Na capa da edição da Porto Editora, o fiel moleskine (a lembrar o amigo Bruce Chatwin) e uma caneta, com que Sepúlveda anotava imagens, palavras soltas, às vezes uma frase, para mais tarde talvez se transformar num romance, num conto, no título de uma história. Como naquela noite inesquecível de tempestade, na região amazónica onde conheceu um velho solitário e solidário, que o visitou em sonhos e que muitos anos mais tarde deu origem ao romance “O Velho que lia Romances de Amor”. Uma frase anotada, uma fotografia em tons sépia, um contrato antigo, um papel guardado, uma notícia num jornal podem ser o material para que Luis Sepúlveda crie mais uma história simples mas nunca desprovida de sentido.

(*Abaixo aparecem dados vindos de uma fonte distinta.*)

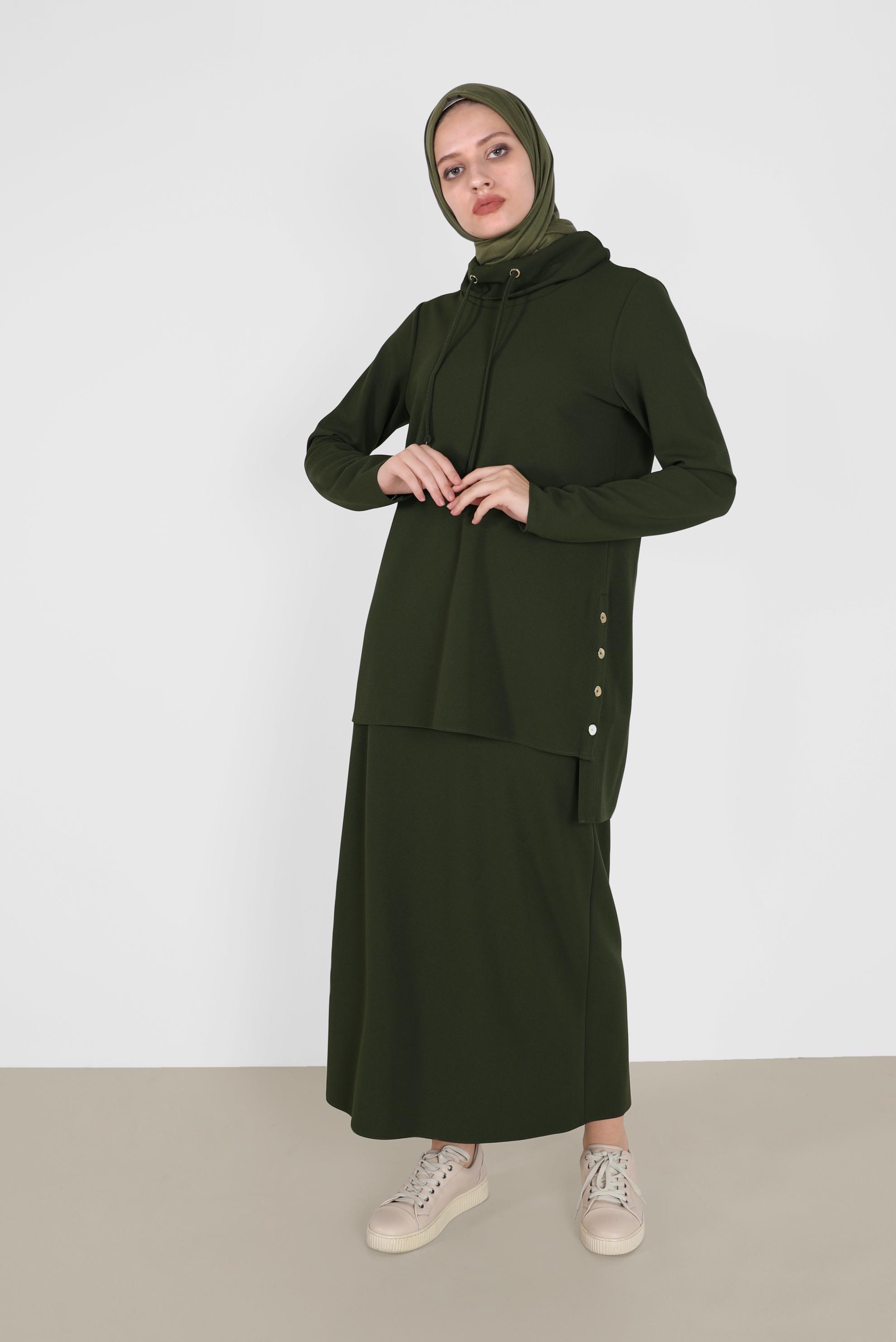 Tesettür giyim HAKİ YANLARI DÜĞME DETAYLI İKİLİ ETEKLİ TAKIM 42163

Algumas destas “Histórias daqui e dali” são histórias de regresso depois de catorze anos de exílio, de reencontro com o Chile já sem Pinochet, mas com as feridas da ditadura. A ditadura tinha acabado, mas o Chile era uma sombra triste do Chile solidário, participativo, militante, que Sepúlveda conhecera com Salvador Allende e que a ditadura matara. É um reencontro com o passado, com as memórias não só do Chile mas de tantos países da América latina que foram lugares de exílio e de resistência dele e dos seus amigos.

Será que a pureza e a alegria dos risos do grupo de crianças do bairro pobre de La Victoria fotografado por uma amiga, ainda subsistirão passados oito anos? Alguém se lembra de fazer um pequeno desvio da autoestrada para ir a Talagante comprar os pastéis e tartes que tornaram famosa aquela povoação? Será possível parar o aquecimento global que está a fazer desabar enormes massas de gelo da Antárctica – tornada absurda atracção turística – as quais estão a pôr em risco a Patagónia e a Terra do Fogo? Mas Sepúlveda comove-se e acredita que nem tudo está perdido quando um rapazinho lhe bate à porta para pedir livros para construir uma biblioteca num bairro pobre de Santiago.

Como em todos os livros de Sepúlveda, a amizade e a referência aos amigos ocupa uma parte significativa deste. Eram a Sociedade do Conde de Monte Cristo, unidos pela consigna “Nem esquecimento, nem perdão”, uma geração de lutadores por causas nobres, que imaginava “o fim das ditaduras e um continente latino-americano habitado por homens e mulheres cujo gentílico seria a palavra irmãos.” Os companheiros do GAP, entre os quais Augusto Olivares, os companheiros da Brigada Internacional Símon Bolivar e a recordação de todos os caídos nessa entrega total, o poeta Mario Benedetti para quem era preciso defender a alegria como uma trincheira, Turquito o escritor que lhe arranjou um salvo-conduto em Quito e com quem esteve pela última vez na edição das Correntes d’Escritas, Katya Olevskaia a voz da resistência e da esperança sempre que a ouviam dizer “Escuta, Chile”, Víctor Jara ou os irmãos Parra que se reuniam na Peña para cantar e ler poesia ou Daniel Mordzinski, um homem que conta histórias com a sua máquina fotográfica. A propósito deste fotógrafo recordei “Últimas Notícias do Sul” de Luis Sepúlveda com fotografias de Daniel Mordzinski lido há alguns anos e a que voltei agora para recordar a história de D. Delia Cossio que os dois amigos conhecerem quando lhe bateram à porta, no dia do seu 96º aniversário e que Sepúlveda imortalizou no seu conto “A Senhora dos Milagres”. E como sempre, a gratidão pelo festival da Póvoa de Varzim onde teve a oportunidade de conhecer excelentes escritores de Moçambique, Cabo Verde e Angola, entre os quais Nelson Saúte.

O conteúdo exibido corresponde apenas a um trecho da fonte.